COMMUNICATIONS SERVICE
Collectively, the equipment at a fixed location or locations that enables communications services, including i) radio transceivers, antennas, coaxial, fiber-optic or other cabling, power supply (including backup battery), and comparable equipment, regardless of technological configuration; and ii) all other equipment associated with any of the foregoing.

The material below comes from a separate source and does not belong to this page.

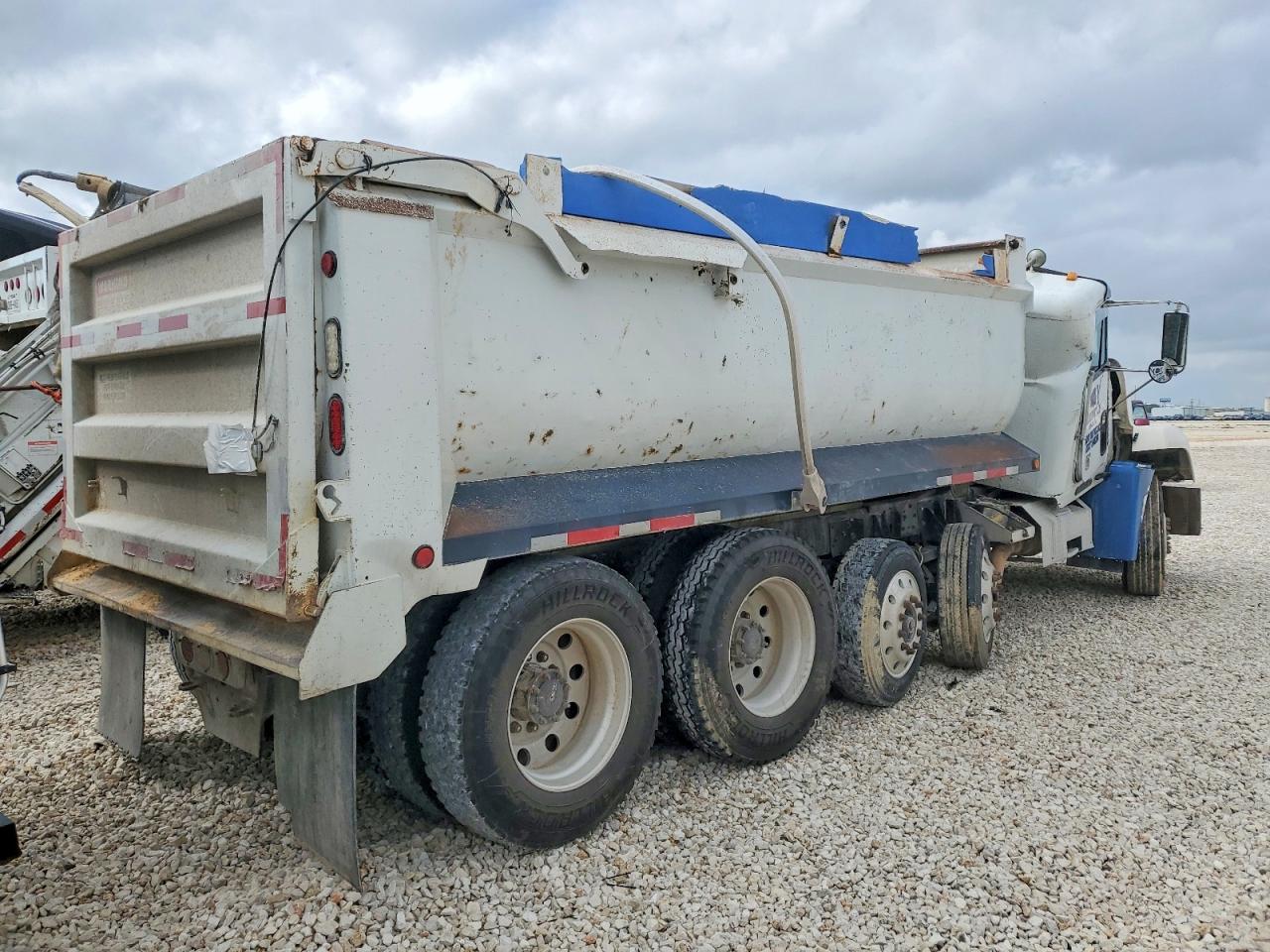 1995 Freightliner Conventional VIN 1FUYDZYB9SH597888 COPART salvage auction — Rollover, TX - SALVAGE VEHICLE TITLE (P), sold $4,550 on 2026-07-09 (photo 4)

A communications facility does not include the pole, tower or support structure to which the equipment is attached.
FACILITY
Wireless transmitting and/or receiving equipment, including any associated electronics and electronics shelter or cabinet and generator.
MICRO-WIRELESS FACILITY
A wireless facility having dimensions no larger than 24 inches in length, 15 inches in width, and 12 inches in height and an exterior antenna no longer than 11 inches, if any.
OMNI-DOME ANTENNA
A wireless transmitting or receiving antenna that radiates or intercepts radio-frequency (RF) electromagnetic fields equally well in all horizontal directions in a flat, two-dimensional (2D) geometric plane; it receives signals from all directions and so needs to be installed in a vertical position in the area of the strongest signal.
PANEL ANTENNA
A type of directional antenna, sending and receiving signals from only one direction, consisting of a dipole placed ahead of a flat-panel reflector.
PROVIDER
A communications service provider or a wireless services provider and includes any person that owns and/or operates any communications facilities, wireless facilities, or poles built for the sole or primary purpose of supporting communications facilities within the Town.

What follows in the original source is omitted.